If Rector chooses to follow the Dean’s recommendation, it will means in practice that the subjects will only survive under the conditions of the market. That is, if there is anyone who wants to take an elective course. Supply, defined by demand.
This might be sweet music in the ears of those who like excel spreadsheets. But they sound a sombre note among the two study programmes that are threatened with closure (whose financing is actually ensured by grants to small subjects) and in a wider perspective. Apart from the obvious impossibility of maintaining academic skills upon the flimsy basis of a random optional package (relative to a solid intake of students each year), there are a number of good reasons why the Dean’s recommendation should be reconsidered.
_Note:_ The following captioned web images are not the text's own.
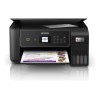 EPSON EcoTank L3280 MFP printer 10ppm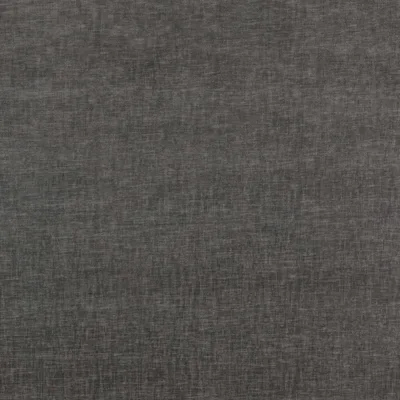 Brunswick Fossil — Opulent Chenilles swatch, view 1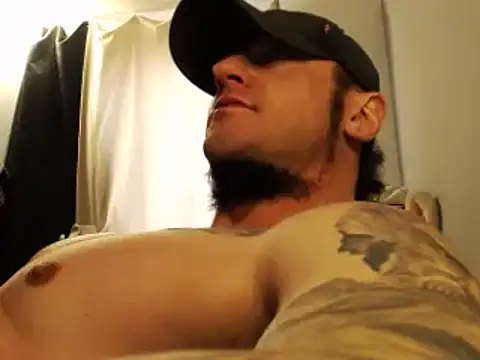 ballardbret online show from 02/20/25, 07:34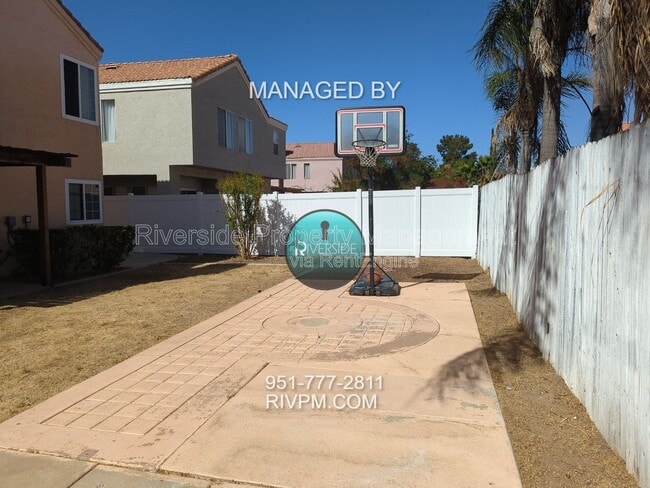 Building Photo - 16642 War Cloud Dr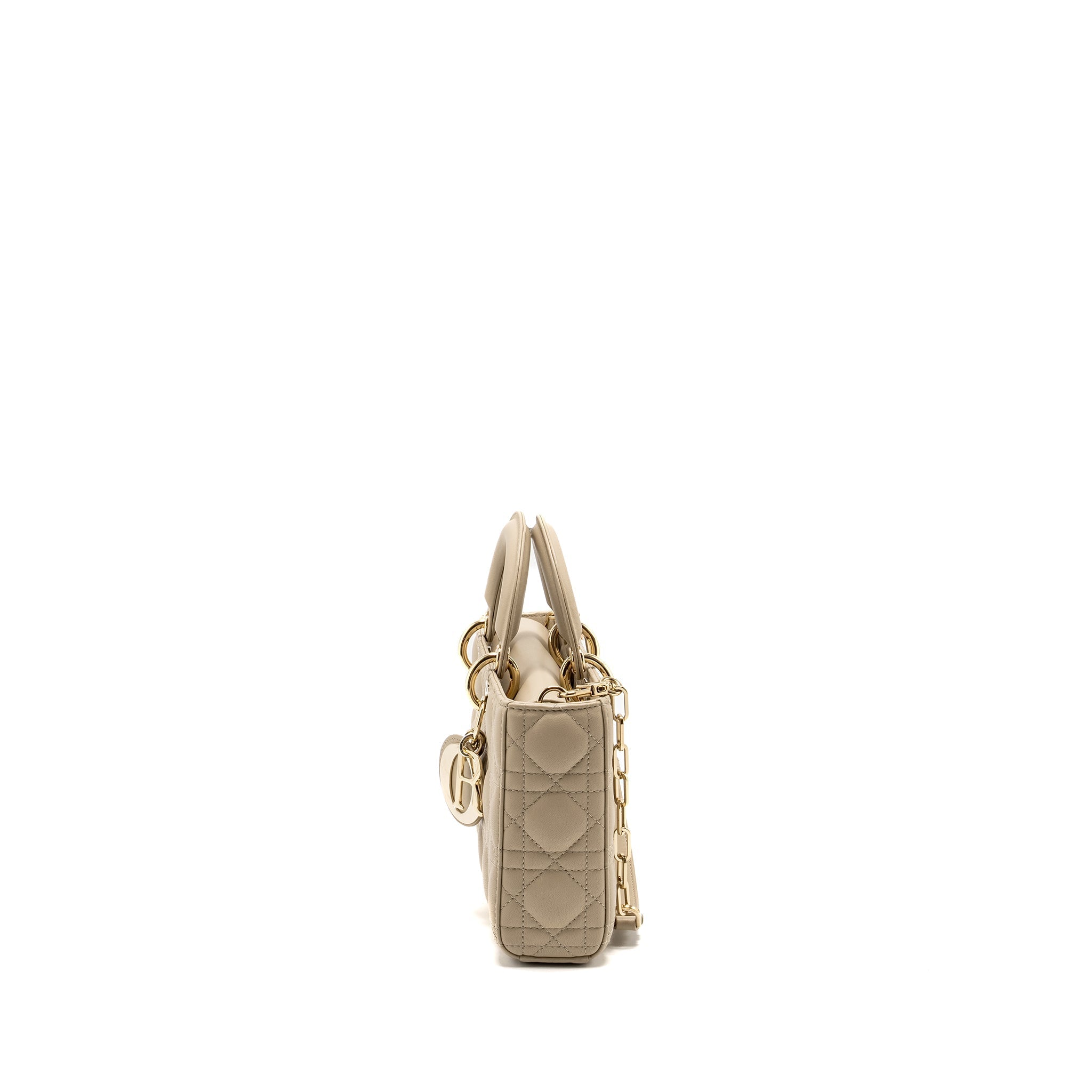 dior-medium-lady-d-joy-bag-lambskin-beige-lghw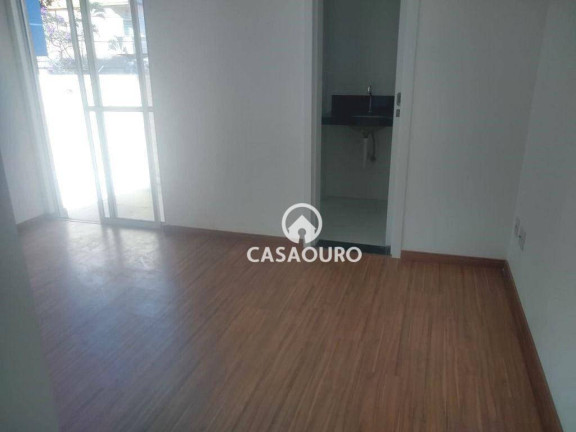 Imagem Apartamento com 2 Quartos à Venda, 105 m² em Santa Efigênia - Belo Horizonte Imagem Apartamento com 2 Quartos à Venda, 105 m² em Santa Efigênia - Belo Horizonte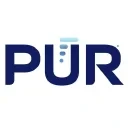 Pur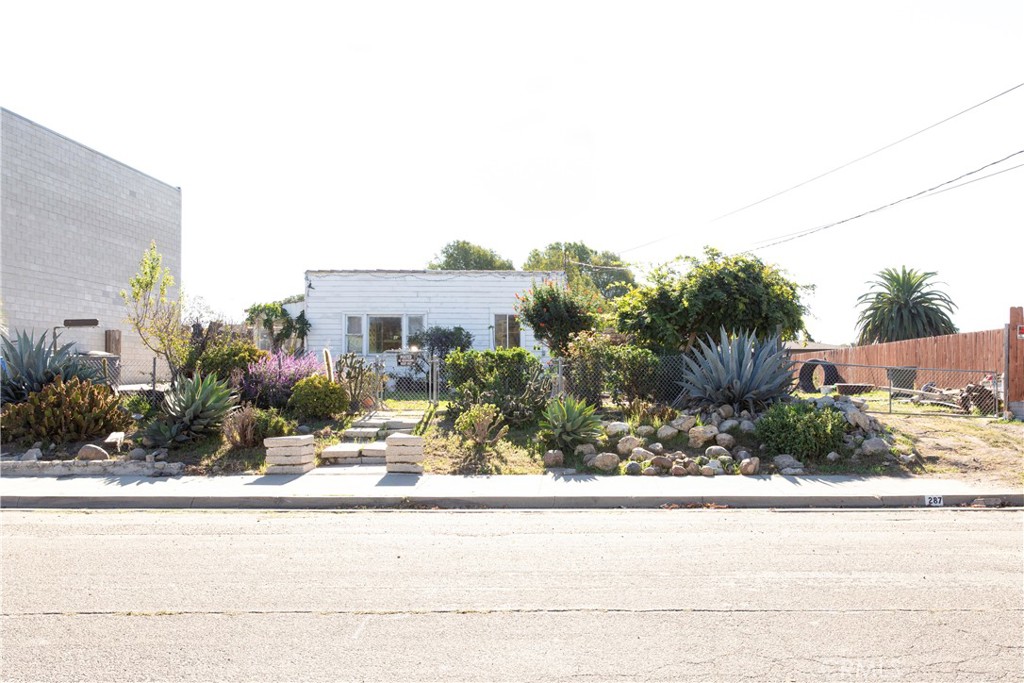 271 We Dana Street, Nipomo, CA 93444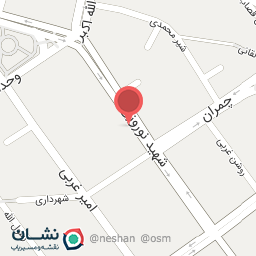عکس رایانه شهراد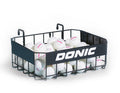 Donic Ballenmand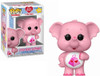 Lotsa Heart Elephant (Care Bear Cousins) Funko Pop!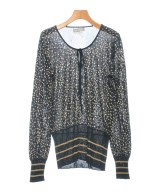 Max Mara ニット・セーター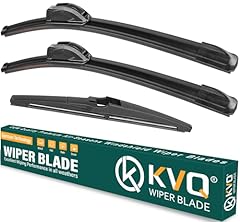 Kvq windshield wiper for sale  Delivered anywhere in USA 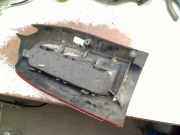 Rücklicht Rechts Opel Sintra Großraumlimousine 2.2i GLS,CD 16V (X22XE) 1998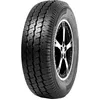 Image de TORQUE TQ05 205/65R16C 107/105T BSW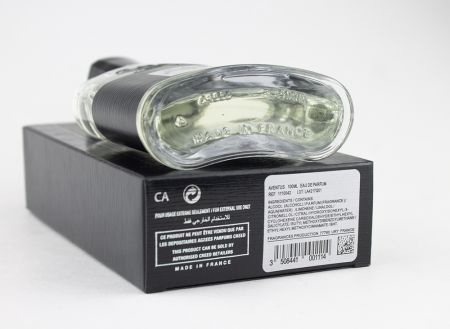 Creed Aventus, Edp, 100 ml (Премиум)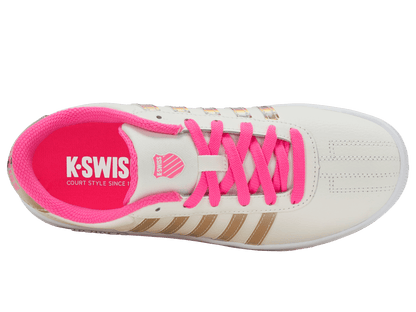 K-Swiss Trusted - CLASSIC PRO
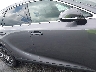 2T2BBMCA5PC****** Reparables 2023 Lexus RX 350h en Estado de Carolina del Norte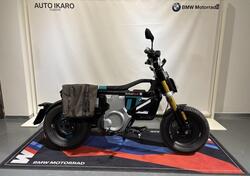 Bmw CE 02 AM (2024 - 25) usata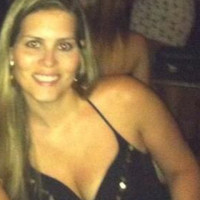 Isabella Pignocchi Cardoso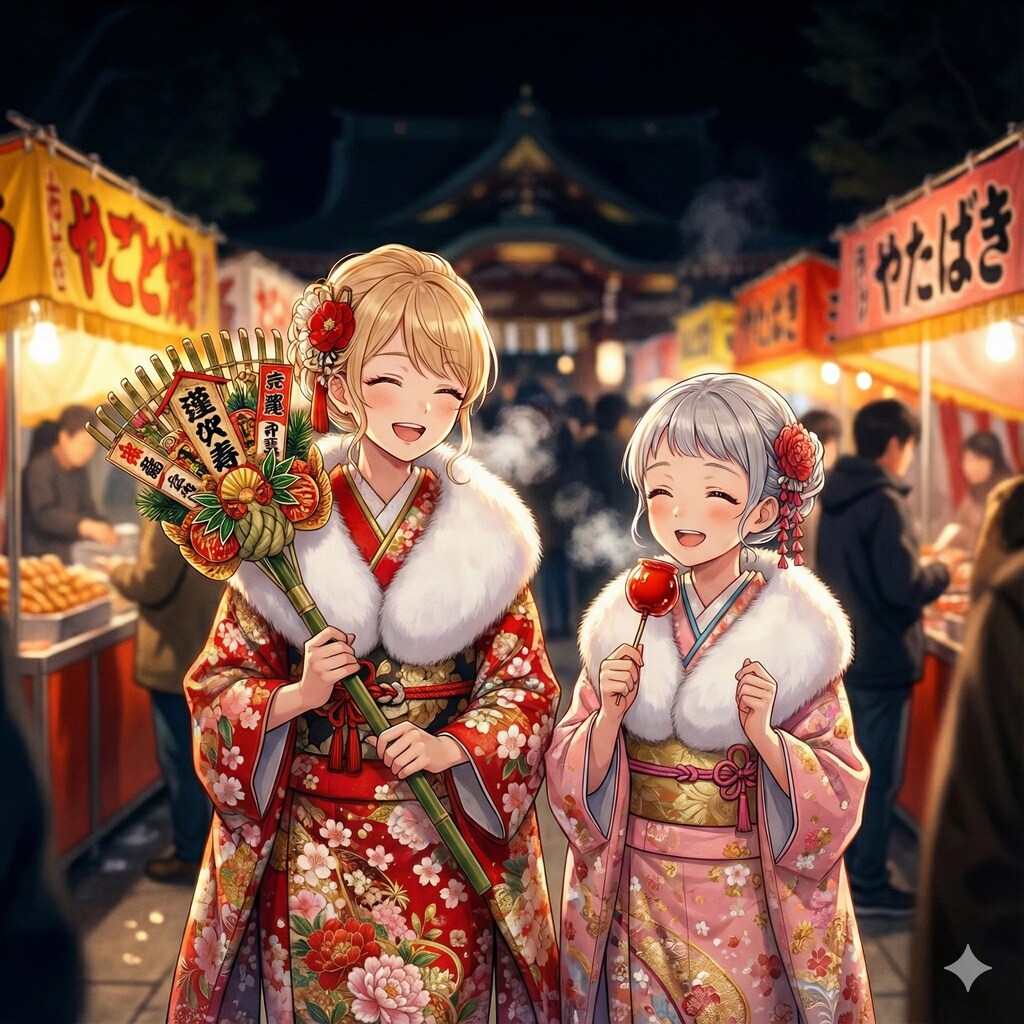 プリンセス 2202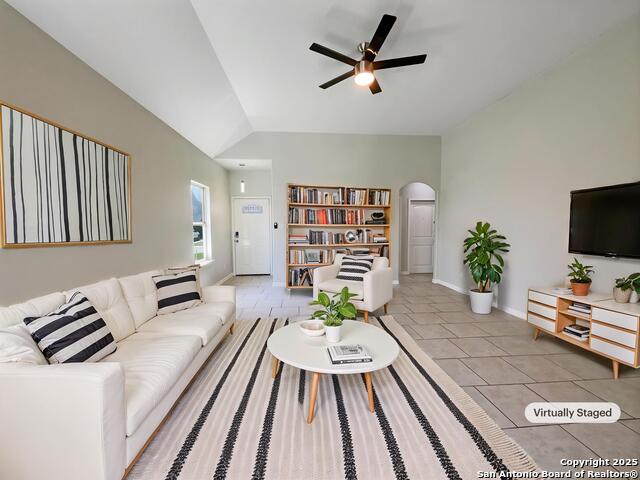 9031 Indigo, San Antonio, Texas image 2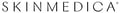 SkinMedica logo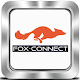 FOX.CONNECT Auf Windows herunterladen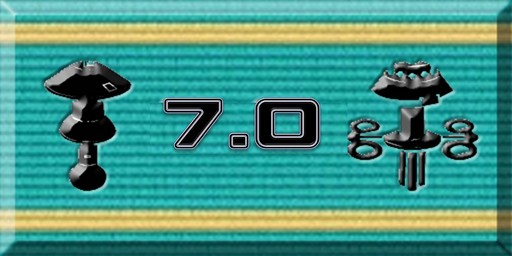 Logo Condecoracao Logo Condecoracao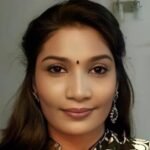 Dr. K Vimala Geetha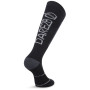 Calcetines de mujer Dare 2b Womens Technical II Ski Socks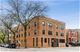 503 W Armitage Unit B, Chicago, IL 60614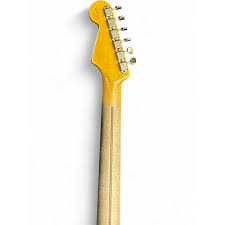 Image result for Sand Beige 1958 Kelvinator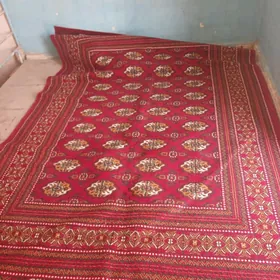 palas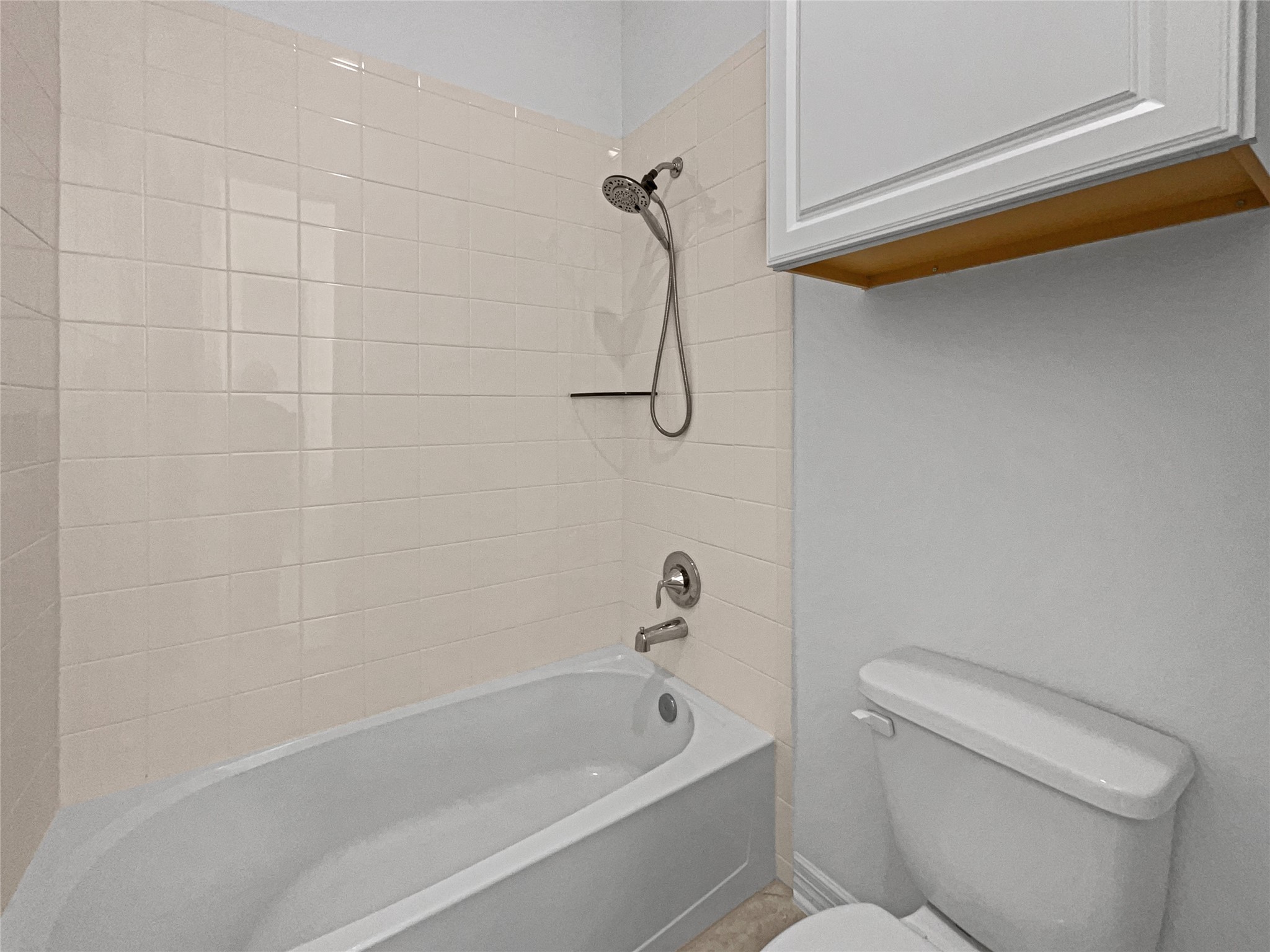 28930 Parker Ridge Drive Katy, TX 77494 - Photo 19 of 31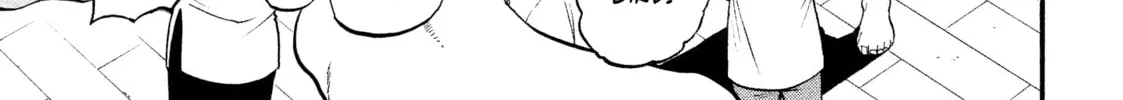 Read Daemons of the Shadow EN Manga Online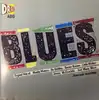 cd  - blues original hits (1987)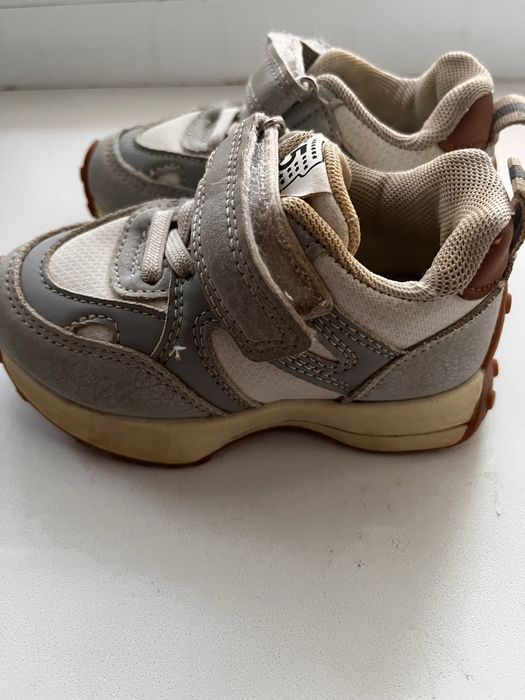 Продам детский обуви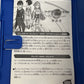 Sword Art Online Hollow Realization - Sony PlayStation Vita PSV JAPAN Game
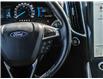 2023 Ford Edge Titanium (Stk: B85195) in Okotoks - Image 16 of 22
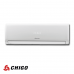 Chigo CS-50V3A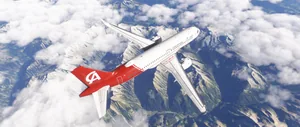 game_screens_flight_simulators_a320_from_prague_to_ibiza_lkpr_leib_0049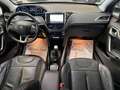Peugeot 2008 Allure PANO/KAM/Navi/Leder/PDC/SHZ/ALU Grau - thumbnail 13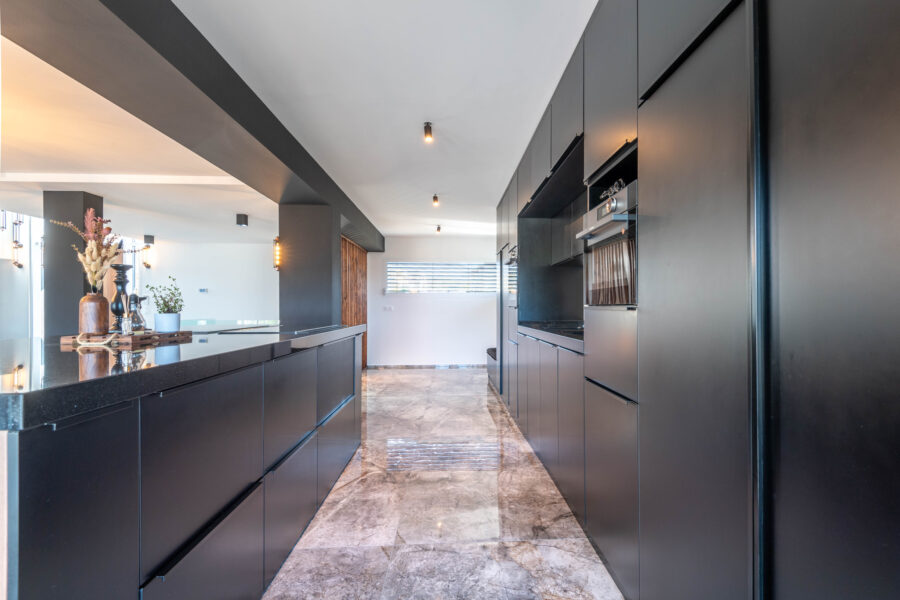 Maison à vendre à Thonon-les-bains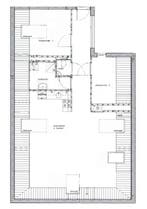 Te huur: Appartement Kerkstraat in Eindhoven, Noord-Brabant, Eindhoven, Appartement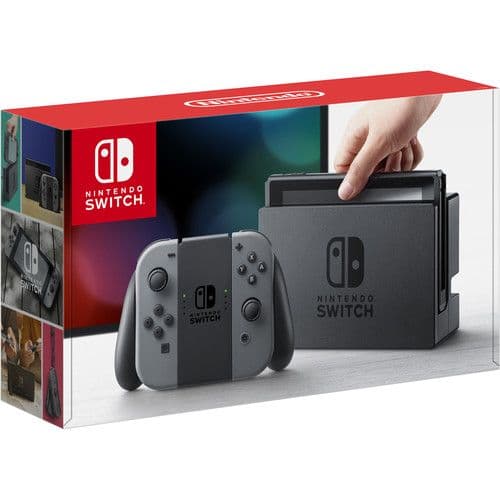 nintendo-switch-grey box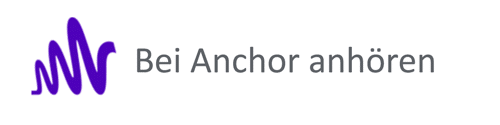 INTENSIV-geladen-Anchor-Podcast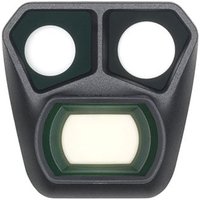 Mavic 3 Pro Wide Angle Lens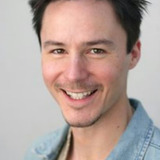 Jason Seitz — GSA Victim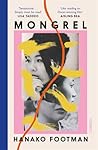 Mongrel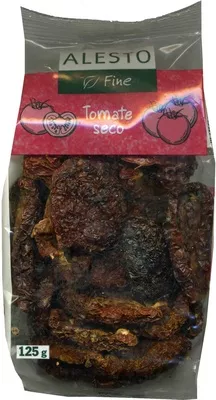 Tomate seco Alesto 125 g, code 20478223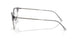 8470 - Grey - Clear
Poland is not only a huge export market (DKK 18.4 billion in 2015) that is crying out for well-trained specialists in language, culture, mentality, history, business etiquette and local knowledge. It is also one of our largest neighbours with almost 40 million inhabitants.
We risk losing large parts of a broad perspective on our common history, we risk losing exports, and we risk the closure of the two study programmes having wider affects.
The Balkans are especially interesting, as it is a region that for many years, when the communists were in power, was locked up in an ideological test facility. After the fall of the wall, the Balkans have offered us good and bad examples of how states organize themselves and relate to their past and future. Do you choose a nationalist course? Do you orient yourself towards the outside? The shot in Sarajevo, the Srebrenica massacre, the flows of refugees and the dispute between NATO and Russia in connection with the Kosovo conflict, all testify to the fact that the Balkans are not the outskirts of Europe, but an area that is closely linked to all of us and therefore worth considering, also in academic terms.
In other words, there are good financial and historical arguments to maintain the programmes in the two areas. And now we are talking study programmes: The two are not alone, and a closure will also affect other programs.
Stripped-down to a third
Last autumn, the students of Polish, Balkan Studies and Russian followed a topical course on the Holocaust in Eastern and Central Europe, and this spring the subject is populism. Both topics are more relevant than ever if we are to learn how we avoid repetitions of some of history’s darkest moments in the future: Mass repression as in the 1930s Soviet Union, the slaughter of Jews in the Warsaw ghetto during the Second World War, and the genocide that we saw in the Balkans in the 1990s.
The teachers come from the Polish, Balkan Studies and Russian programmes and all of them contribute with specialized knowledge of their respective areas. The synergies are noteworthy, and the students’ reactions in the form of positive evaluations testify to the fact that the comprehensive approach is sought after. We will not be able to meet this demand if two-thirds of our programmes are discontinued.
If Rector chooses to follow the Dean’s recommendation, it will mean in practice that the subjects will only survive under the conditions of the market.
The students of Polish, Balkan Studies and Russian follow as a part of their study programme compulsory joint courses in Eastern and Central Europe’s general history and culture. Here too, we can draw on teachers from the three areas so that the Polish students can shudder in the company of Dostoyevsky and analyze Putin, the Russian students can marvel at Enver Hoxha and why Zlatan Ibrahimovic plays for Sweden, and the up and coming Balkanist can master the revolt against communism in Poland headed by Lech Walesa.
The existence of three courses in other words, ensures the breadth of the individual programme. A closure of Polish and Balkan Studies will not only reduce this breadth. It will also make it difficult to schedule classes in my own subject, Russian, as we no longer will be able to draw on the skills of our closed down colleagues.
On a personal level, I enjoy being surrounded by highly competent colleagues who can always give me a perspective on a linguistic problem or a grammatical whimsy. This kind of collegial sparring will disappear with the closure of Polish and Balkan Studies.
In short, we risk losing large parts of a broad perspective on our common history, we risk losing exports, and we risk the closure of the two study programmes having wider affects.